In this lab, you'll practice your feature scaling and normalization skills!
You will be able to:
- Identify if it is necessary to perform log transformations on a set of features
- Perform log transformations on different features of a dataset
- Determine if it is necessary to perform normalization/standardization for a specific model or set of data
- Compare the different standardization and normalization techniques
- Use standardization/normalization on features of a dataset
Let's import our Boston Housing data.
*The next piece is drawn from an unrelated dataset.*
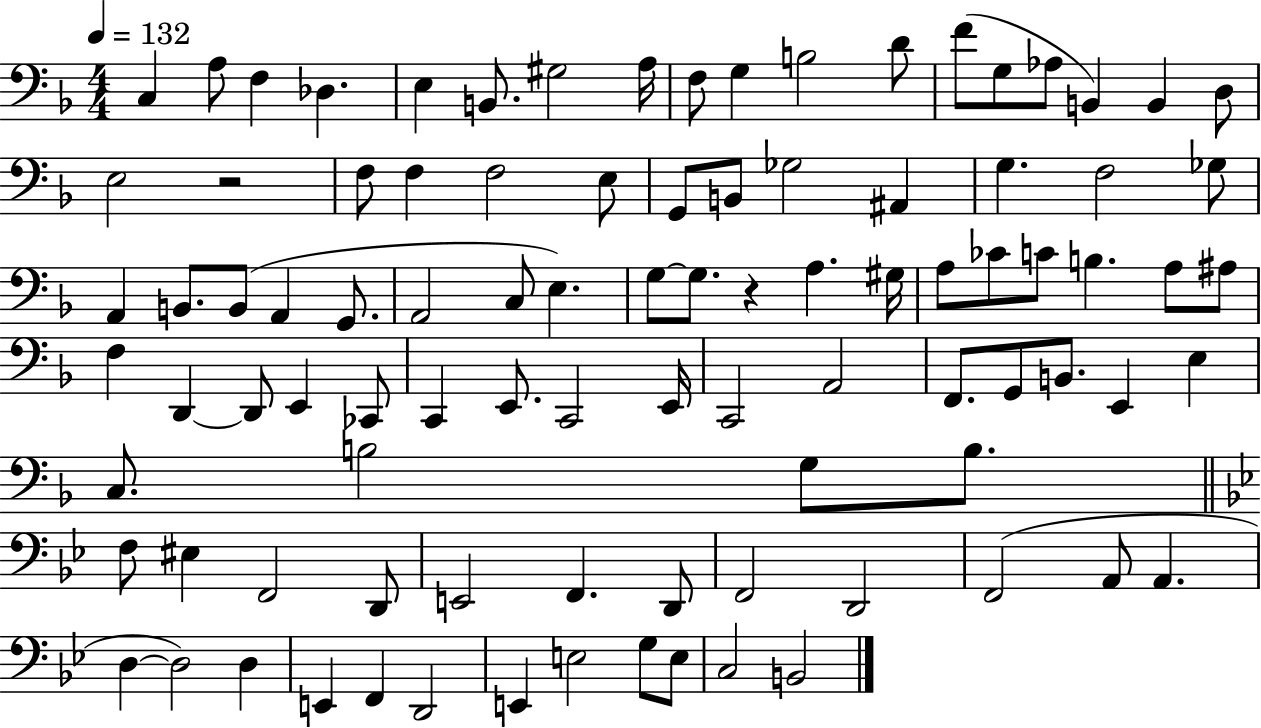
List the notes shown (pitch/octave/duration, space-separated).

C3/q A3/e F3/q Db3/q. E3/q B2/e. G#3/h A3/s F3/e G3/q B3/h D4/e F4/e G3/e Ab3/e B2/q B2/q D3/e E3/h R/h F3/e F3/q F3/h E3/e G2/e B2/e Gb3/h A#2/q G3/q. F3/h Gb3/e A2/q B2/e. B2/e A2/q G2/e. A2/h C3/e E3/q. G3/e G3/e. R/q A3/q. G#3/s A3/e CES4/e C4/e B3/q. A3/e A#3/e F3/q D2/q D2/e E2/q CES2/e C2/q E2/e. C2/h E2/s C2/h A2/h F2/e. G2/e B2/e. E2/q E3/q C3/e. B3/h G3/e B3/e. F3/e EIS3/q F2/h D2/e E2/h F2/q. D2/e F2/h D2/h F2/h A2/e A2/q. D3/q D3/h D3/q E2/q F2/q D2/h E2/q E3/h G3/e E3/e C3/h B2/h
Remember we categorized two variables ('RAD'
and 'TAX'
) and deleted the 'NOX'
(nitride oxide concentration) variable because it was highly correlated with two other features.
import pandas as pd
%matplotlib inline
from sklearn.datasets import load_boston
boston = load_boston()
boston_features = pd.DataFrame(boston.data, columns = boston.feature_names)
# First, create bins for RAD based on the values observed. 5 values will result in 4 bins
bins = [0, 3, 4 , 5, 24]
bins_rad = pd.cut(boston_features['RAD'], bins)
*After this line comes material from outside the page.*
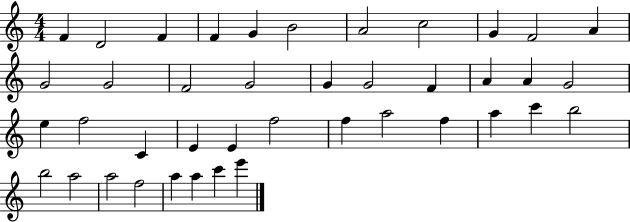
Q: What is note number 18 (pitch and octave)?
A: F4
bins_rad = bins_rad.cat.as_unordered()
# First, create bins for TAX based on the values observed. 6 values will result in 5 bins
bins = [0, 250, 300, 360, 460, 712]
bins_tax = pd.cut(boston_features['TAX'], bins)
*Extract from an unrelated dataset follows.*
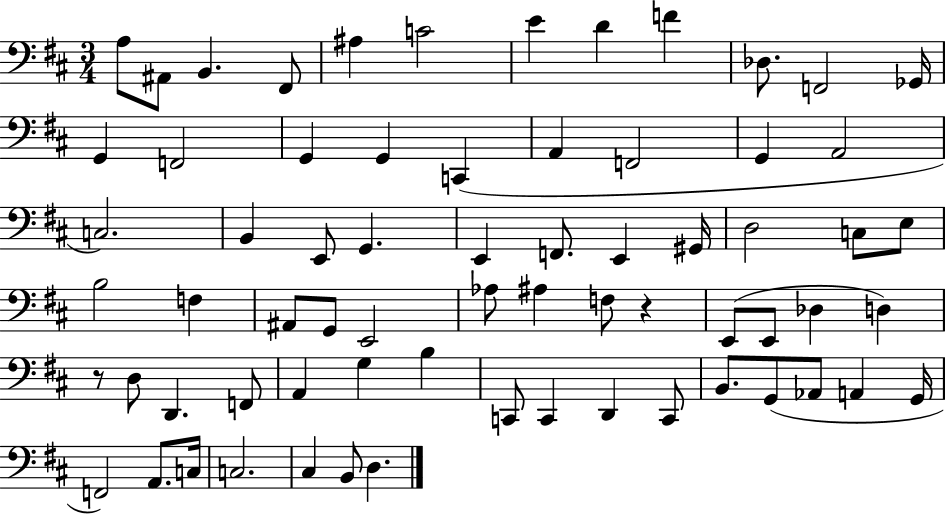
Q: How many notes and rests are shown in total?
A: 68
bins_tax = bins_tax.cat.as_unordered()
tax_dummy = pd.get_dummies(bins_tax, prefix='TAX', drop_first=True)
rad_dummy = pd.get_dummies(bins_rad, prefix='RAD', drop_first=True)
boston_features = boston_features.drop(['RAD', 'TAX'], axis=1)
boston_features = pd.concat([boston_features, rad_dummy, tax_dummy], axis=1)
boston_features = boston_features.drop('NOX', axis=1)
# Your code here
Analyze the results in terms of how they improved the normality performance. What is the problem with the 'ZN'
feature?
# Your code here
'ZN'
has a lot of zeros (more than 50%!). Remember that this variable denoted: "proportion of residential land zoned for lots over 25,000 sq.ft.". It might have made sense to categorize this variable to "over 25,000 feet or not (binary variable 1/0). Now you have a zero-inflated variable which is cumbersome to work with.
# Your code here
Store your final features in a DataFrame features_final
:
# Your code here
Great! You've now got some hands-on practice transforming data using log transforms, feature scaling, and normalization!